Business of the House

Part of Civil Disturbances – in the House of Commons at 11:30 pm on 16 July 1981.

Alert me about debates like this

Photo of Mr Michael Heseltine Mr Michael Heseltine Secretary of State for Environment 11:30, 16 July 1981

This has been a long debate and, I would say, one of the most remarkable debates that I have ever sat through in this place. It has achieved as high a degree of unanimity and lack of party political points as I can remember. Some right hon. and hon. Members opposite who are no longer in their places have made some of the most remarkable speeches that I can recall hearing in this Chamber.

Needless to say, I had given thought to what the right hon. Member for Manchester, Ardwick (Mr. Kaufman) might say. Sadly, I find that I judged rightly. It would have been helpful if he had been able to continue with the tenor of the debate which had prevailed until he spoke. But in the light of his speech I have no choice but to spend a minute or two with some figures which I brought with me because I thought it likely that he would press me.

I had not intended to use those figures, because all that is achieved is to confuse people with statistics which they will not remember and which the House has been given many times before. The generalisation that I want to put to the House—and this is the fact—is that this country, across a wide range of its provision, has consumed wildly beyond its productive capacity. We have had to pay for that in a number of ways.

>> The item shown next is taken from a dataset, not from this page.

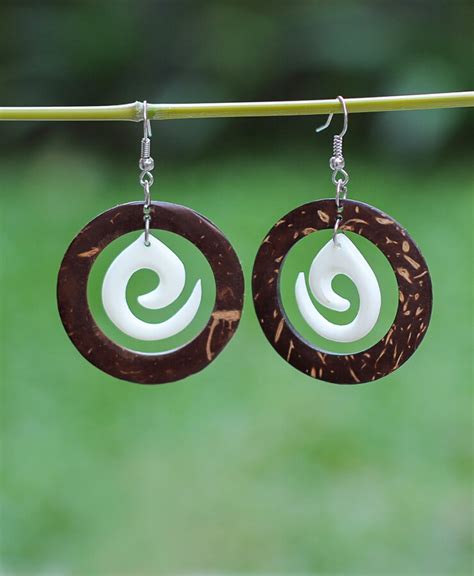 Shop Beautiful and Artistic Coconut Shell Jewelry | Gayona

We have had to pay for it, first, by allowing the investment levels in British industry to be lower than they ought to have been because we did not allow industry to make the profits that were necessary. When it came to public investment and public consumption in local authorities, we watched the relentless appetites of local government for larger expenditure programmes grow without let or hindrance over a period of some 25 years from the mid-1950s up to the present day.

When the country was faced with the economic traumas of the early 1970s we as a nation, unlike almost any other Western country, quite failed to face up to the fact that we could no longer go on consuming at the levels we had before the oil price increases.

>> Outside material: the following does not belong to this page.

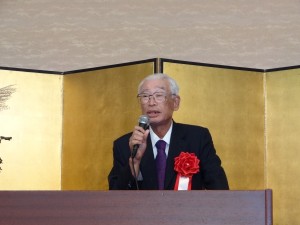 来賓挨拶で庄内を元気にと力強く訴える新田会長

But the Labour Government allowed local government to increase its consumption, and they paid for it in two ways—by massive increases in Government borrowing, with all the devasting effects that that had on the ability of the private sector to compete, and by halving the local authority capital programmes. This is a very important thing for the House to understand in coming to grips with the problems of the inner cities.

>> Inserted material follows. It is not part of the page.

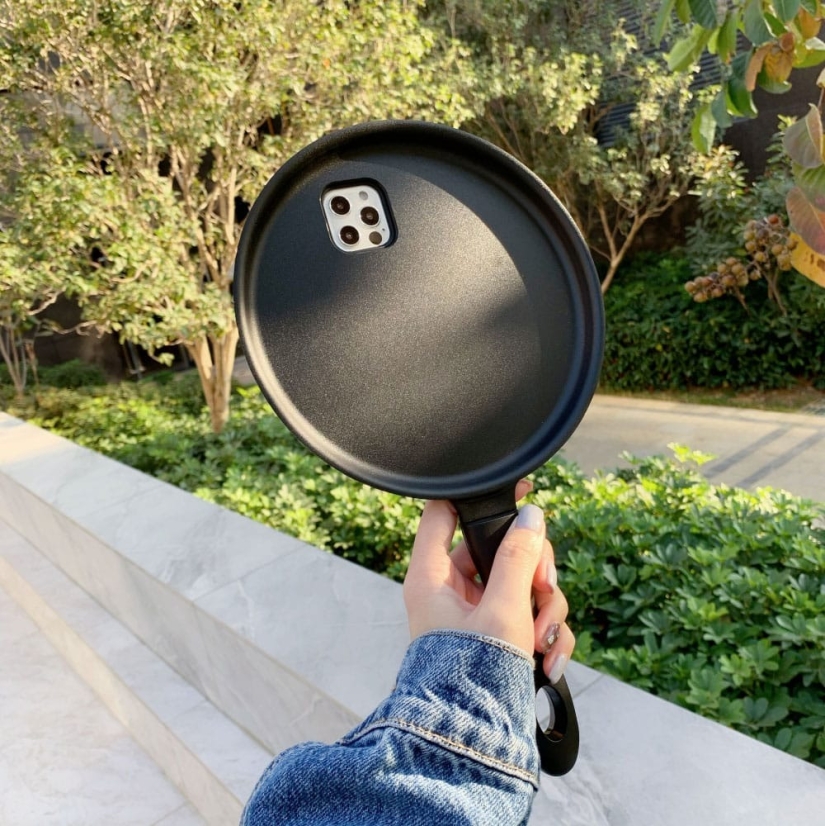 22 photos of unusual phone cases that attract the eye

It is perfectly true that the local authorities in those inner cities employ more people probably than at any time in their history. But their investment programmes, the things that speaker after speaker in the debate, until the right hon. Member for Ardwick got going, has been arguing about and pleading for, were slaughtered to pay for the extra jobs that were being created in the public provisions of local government.

I will give one or two figures and then go on to what I wanted to say. I will show what has happened under this Government also, so that we shall get the whole picture, with no selectivity or anything of that sort. I will show the nature of the awfulness of the crisis that faces our economy.

Let us take the point I was making about revenue expenditure and quote the example of Liverpool, which, after all, as anyone would agree, has as acute a set of problems as any city in this country. In 1974–75, the figure for revenue expenditure at constant November 1980 prices was £214 million. By 1978–79—the last year of the Labour Government—it had gone down to £202 million.

In the first year of this Government, the figure went up to £207 million, and the revised budget for 1980–81 is £207 million. By no stretch of the imagination can that be called a decimation of local government services, because the figure is higher than it was in the last year of the Labour Government and it is only £7 million less than it was in 1974–75. Broadly speaking, in the nature of things, it is within a percentage point or two of the highest figure, which was in 1974–75.

Let us consider Liverpool's capital programmes—the matters about which hon. Members have spoken in the debate. What happened under the Labour Government? In 1974–75 the figure was £128 million. By the time that they were about to go out of office, that figure had become £67 million.

I do not understand how the right hon. Member for Ardwick, in debate after debate, can come back to the House and accuse me of doing something rather special and different. He either did not know what was happening when he was in office, or he is misleading the House and trying to pretend that something has changed since he left office.